4AM Mulholland and After 4AM are dark and daring meditations on love, lust, and relationships.

LOS ANGELES- After nine years, singer-songwriter Amerie returns with two daring hip-hop/R&B albums, which include production from Animal, Ricky Boom, and Mathew “Moz” Jenkins.

Writing and recording both albums while pregnant with her first child (indeed, she even sat for her album photoshoot while seven months pregnant), Amerie recalls the creative process for her new albums: “The need to create without distraction was urgent, almost compulsive.” The lack of clothing in her photos? “I couldn’t be bothered to decide what to wear.”

Instead, her creative energy was directed at crafting the hypnotic sound of her new project, which was divided into two albums for the purpose of sonic cohesion. “I think of an album, in general, as a score to one movie. It doesn’t have to be, but that’s what I usually go for, and these two albums are the closest I’ve gotten to that sense of cohesion since my first. After 4AM is a bit softer-edged, a bit boppier, than 4AM Mulholland.”

Amerie’s usual musical markers are present: there are the lush, weaving harmonies and unorthodox vocal arrangements that have been part of her music since her debut; there is her second-natured way of riding a hip-hop beat, which this time around, is laced with trance-y trap.

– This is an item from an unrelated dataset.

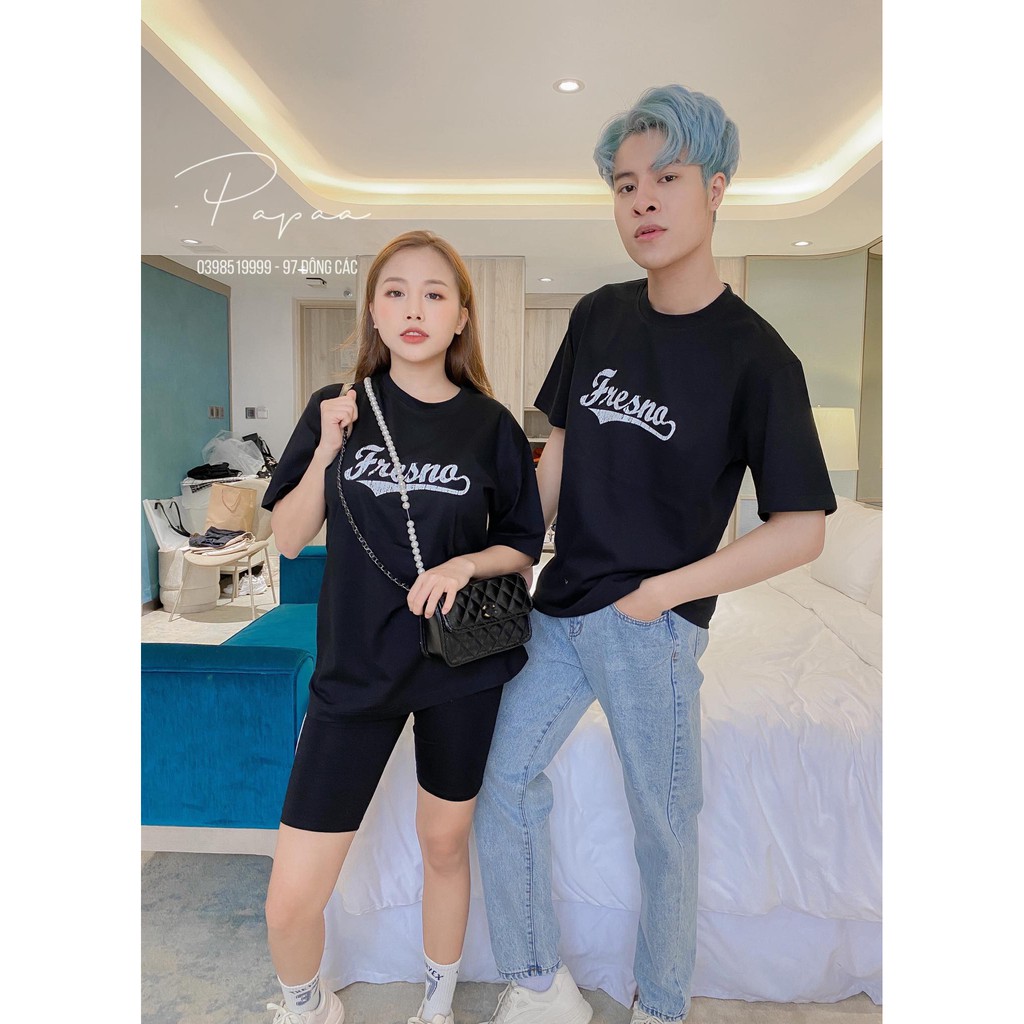 Áo phông nam nữ Hàn Quốc unisex chữ FRESNO 672 PAPAA SHOP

But also ever-present is auto-tune, which is employed to hypnotically soothing results. “Some people detest auto-tune, but I love it. It’s an instrument to play with other instruments, including one’s voice, and it really made the creative process interesting and new.”

Amerie’s vocal approach is certainly unconventional. Some of the songs have a more stripped down, androgynous vocal tone, an uncommon style more at home with eighties New Wave than R&B. “It’s something I started thinking about and experimenting with ten years ago, on a few unreleased songs. I wanted to use a more androgynous vocal because to me, it symbolizes the universal aspects of love and life. In the song ‘4AM Mulholland’ especially, I wanted to strip the vocal down, to let even gender fall away, to get to the essence of the message.”

Amerie’s assured yet subtle approach results in some of her best, most refreshing music to date: an innovative, postmodern hip-hop/R&B sound in a brew that only Amerie would deliver.